Since __private memory is indeed "private" (not shared within workitems), each workitem might consume quite some mem space. And you have many work-items in the fly: considering numbers of execution units of the GPU (also each unit hosting multiple threads), SIMDification in the threads, etc. Up to almost 9000 of work-items potentially in the flight (refer to the preso for the details). So say you request just 32 floats of the private mem in the kernel, this would total up to ~1MB. This wouldn't fit even L1, not mentioning the GPU register space. So in a worst case the perfomance of the __private mem will be similar to the perfomance of the __global.

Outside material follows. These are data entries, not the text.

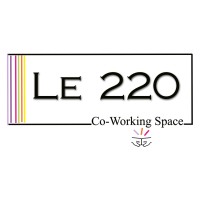 Le 220 coworking space -CBIBIKIA logo - Similar company to Movilab.Org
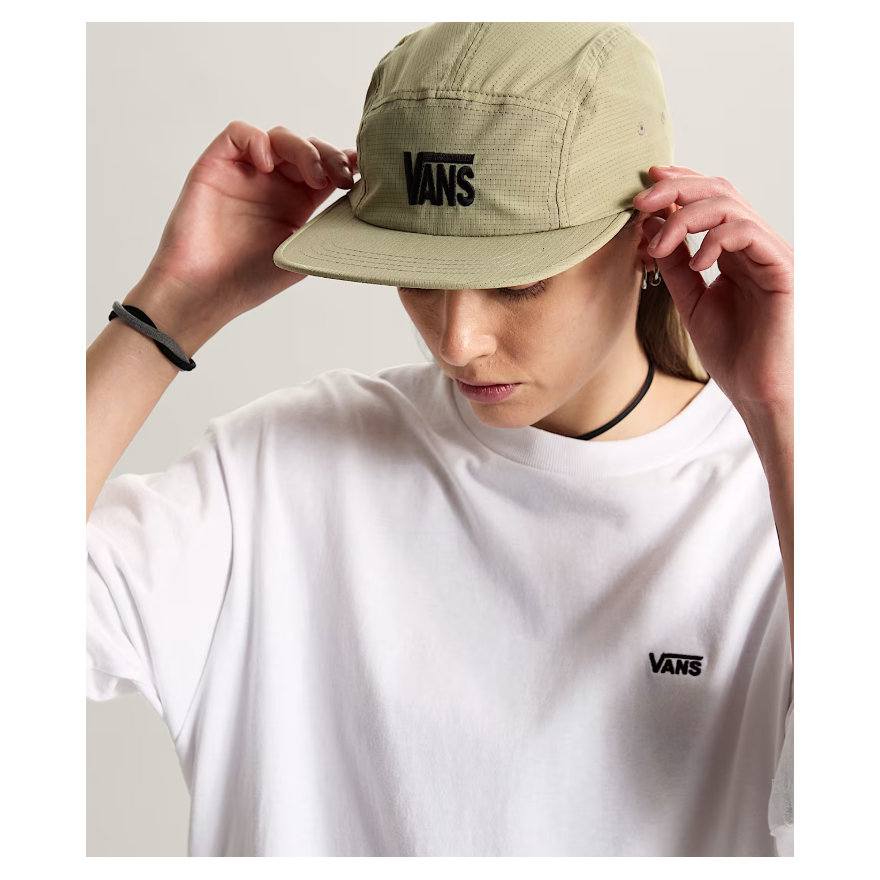 Men's Vans Stretch Logo Camper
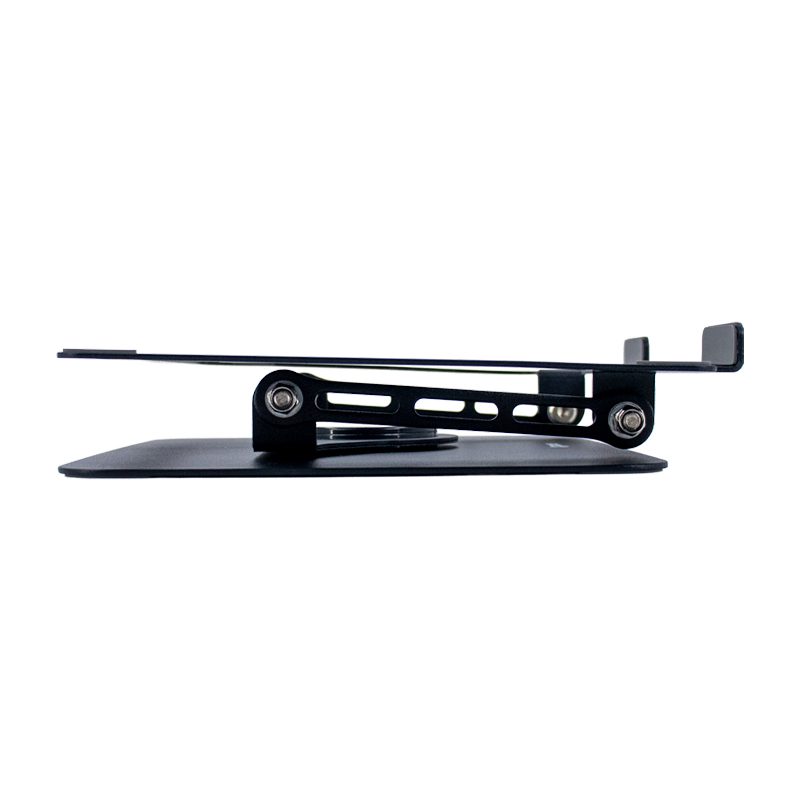 Soporte para notebook TEROS TE-7021N soporta tablets y notebooks de 10" hasta 15.6" negro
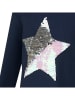 happy girls by Eisend Longsleeve in Dunkelblau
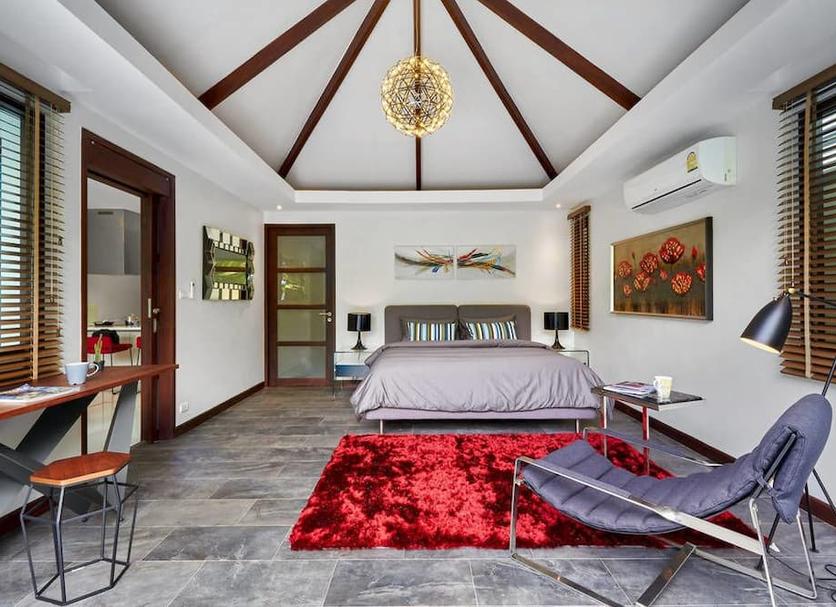Habitación Foto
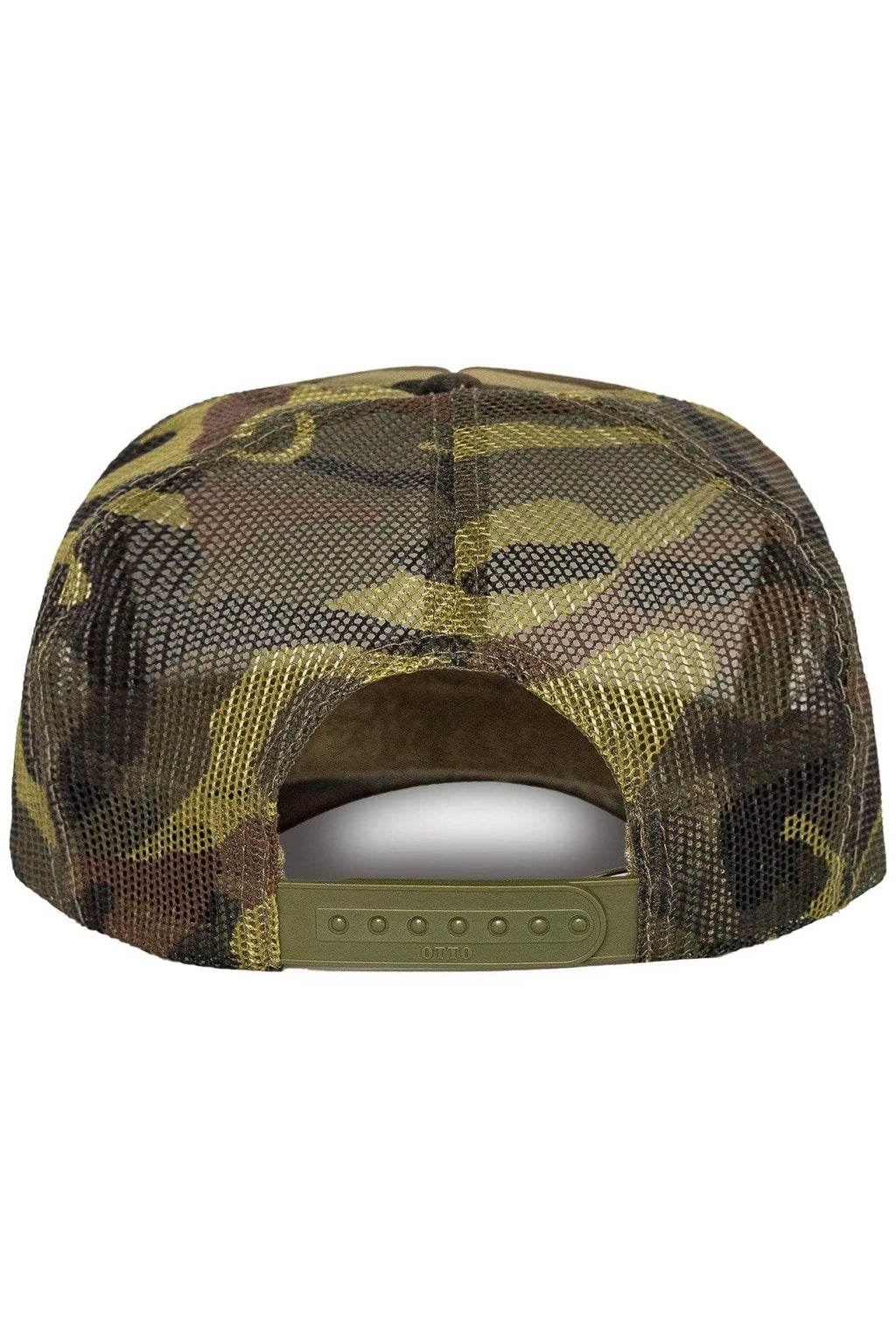 Local Trucker Hat in Camo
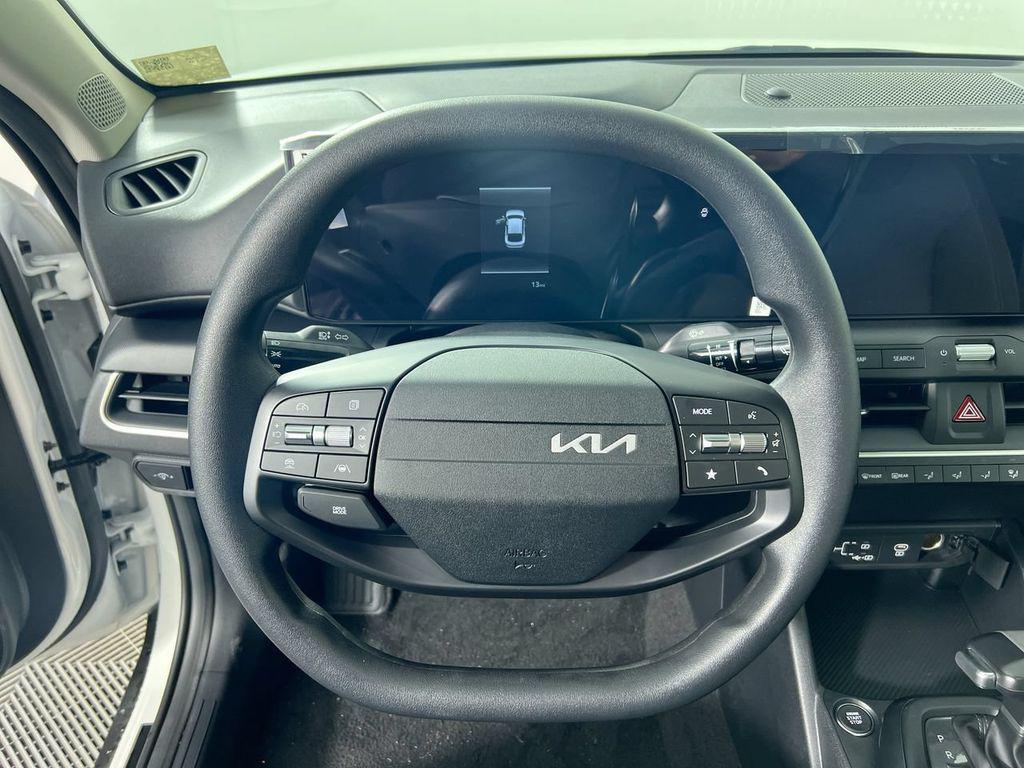 new 2026 Kia K4 car, priced at $26,296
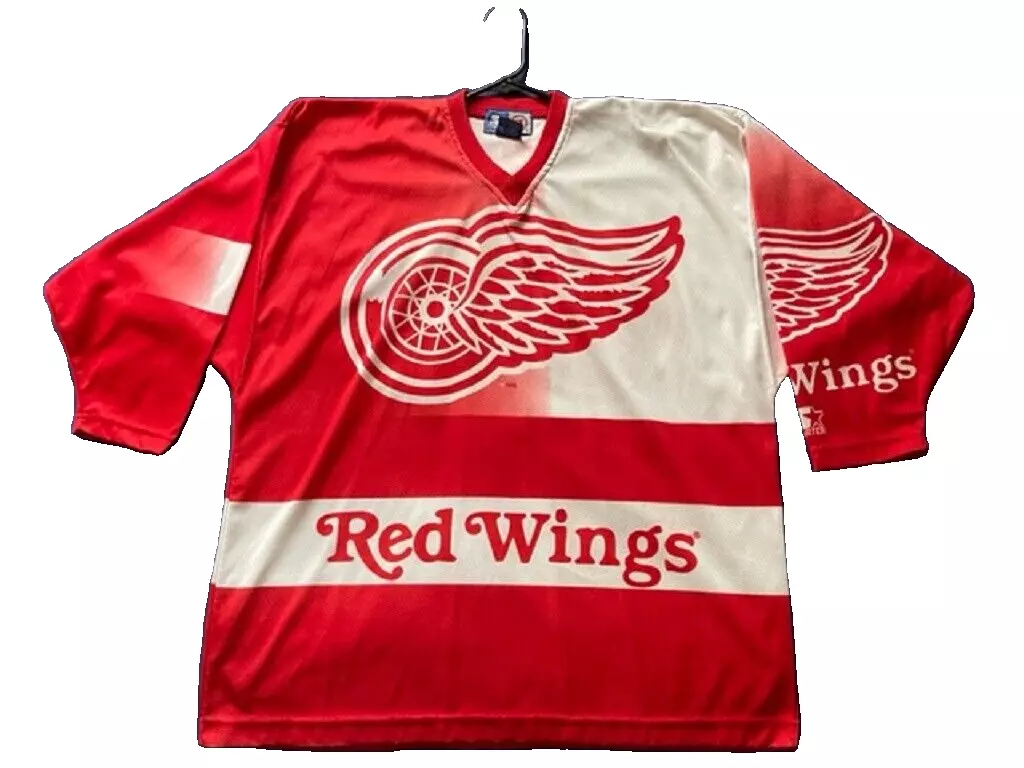 Detroit Red Wings Jerseys  New, Preowned, and Vintage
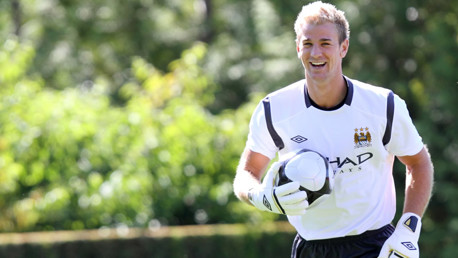 Joe Hart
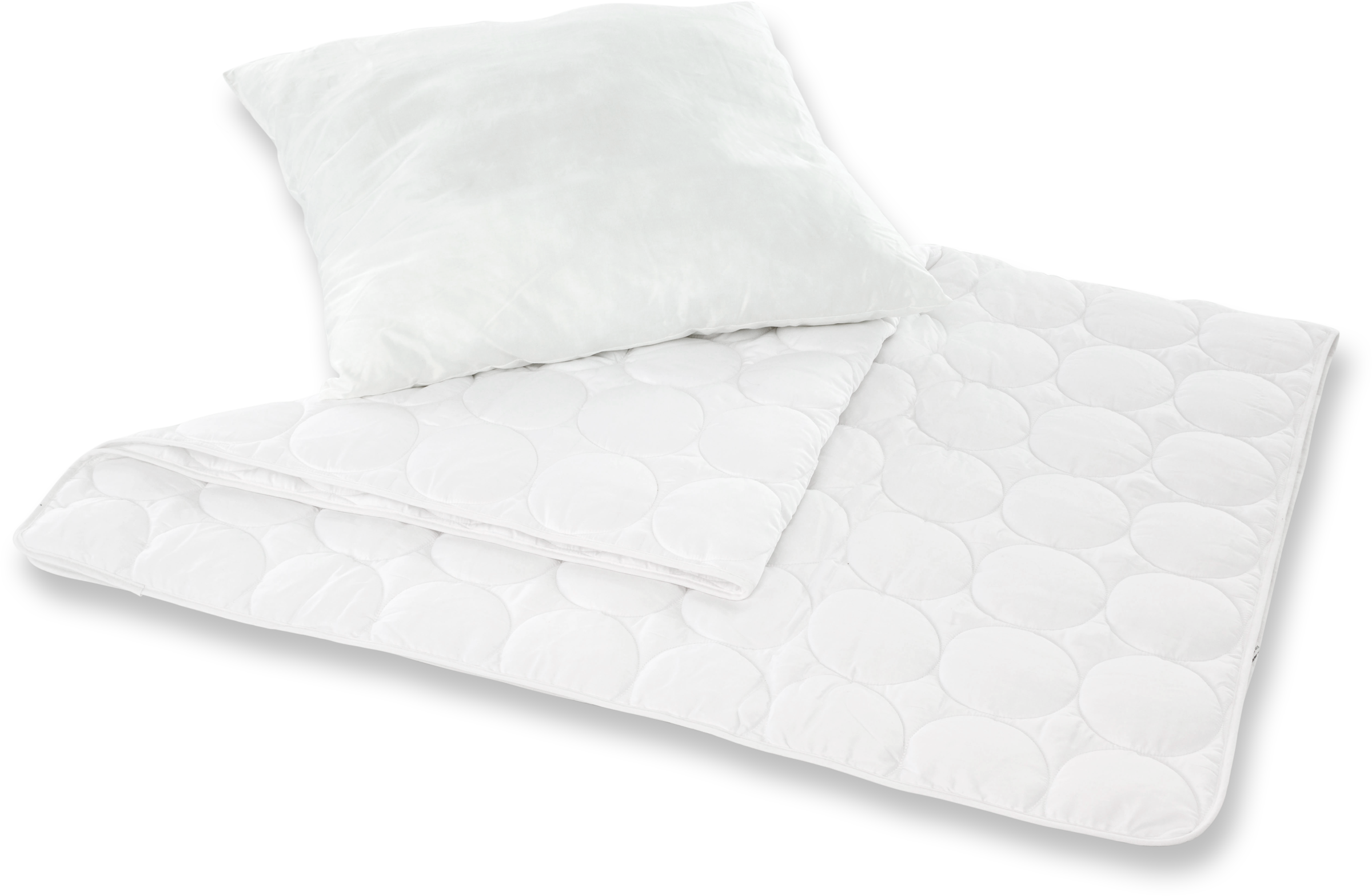 Träumeland Kinderbettdecke + Kopfkissen "TENCELTM" günstig online kaufen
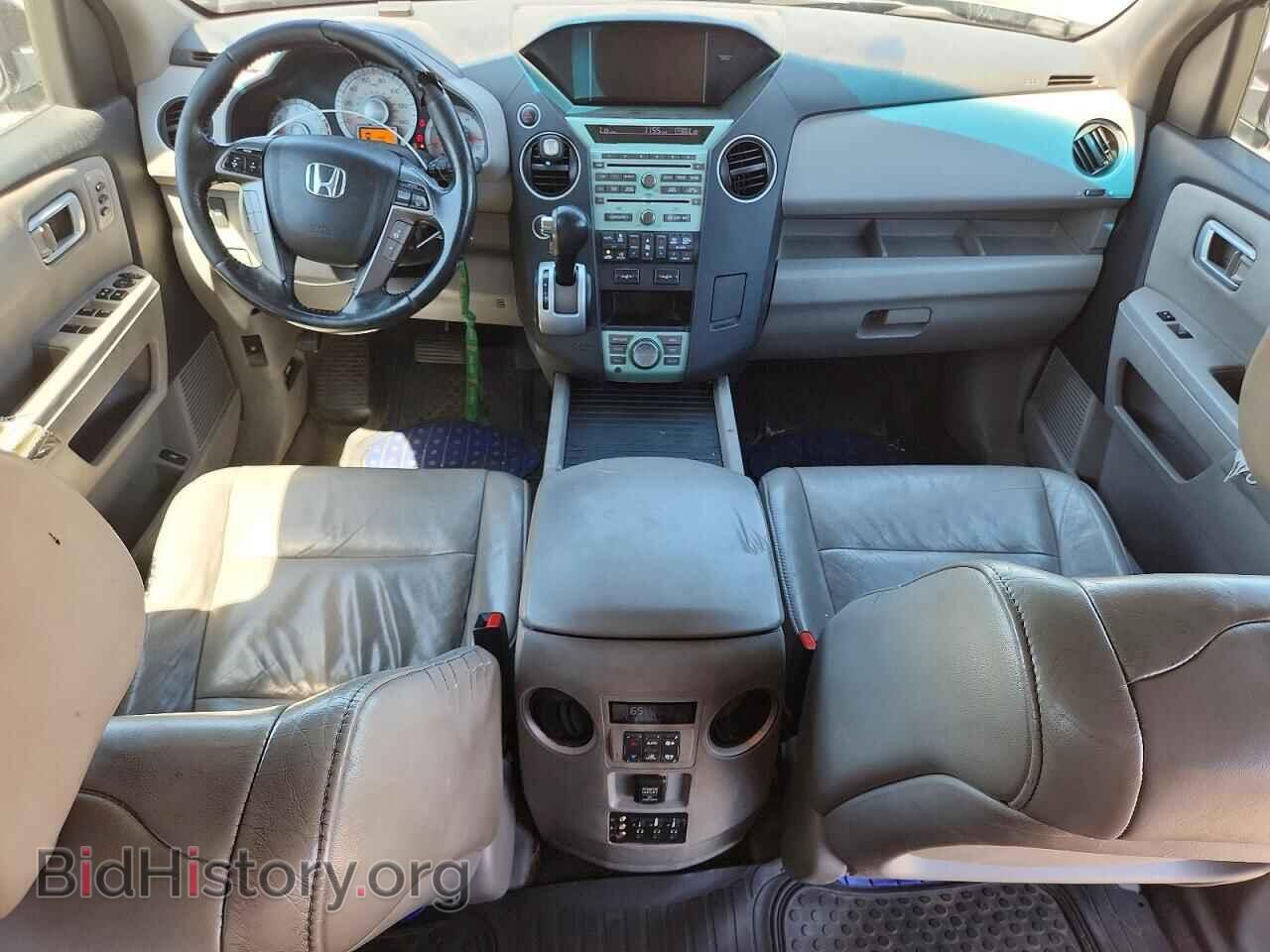 2011 HONDA PILOT - VIN: 5FNYF4H90BB042555 - Фото 8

I believe that using __private memory hurts performance for the reason that you explained, but what I'm don't really understand is that with a specified computation like a histogram for example that fits in __private memory of a thread (I assume in the general register file) why this computation will run much slower (or the same) than if we put data on other memory spaces, it’s more obvious for me that registers are faster than other types of memory? Am I missing something?
Thank you very much for your answer.
a specified computation like a histogram for example that fits in __private memory of a thread
Each GPU thread doesn't consume much, but you might have hundreds of threads in the fly, so that private arrays might not fit in the registers' space. In general, the perfomance depends on the amount of private mem the kernel requires.
if I understood there is no limitation about (__private memory) if we took the right amount of data that fits in registers of all the threads on the fly. this makes sens for me.
if we restrict the number of threads on the fly, we can have more registers, and we can do more complex computations on bigger chunks of data "in registers". I think I have a bug in this conclusion but I don't know where? :)
Mohamed Amine BERGACH wrote:
in this preso (slide number 42), __private memory are allocated in global Memory, in which case this can happen?
As we speculated in this thread, this eventually would happen if the requested private mem (remeber that each work-item requires it's own copy) doesn't fit the register space
Ok, if the size of data used by each work item fits in the register space, is this suffice to give me the garanty that all data will be processed in registers ? if yes, in this case indexed __private memory will be still not recommended ?
I'm asking this question because when I use clGetKernelWorkGroupInfo (.....CL_KERNEL_PRIVATE_MEM_SIZE...) I get all the time 0, but when I use more than 256 Byte I get more understandable values ? is this means that when I allocate more than 256 Byte my kernel will spill?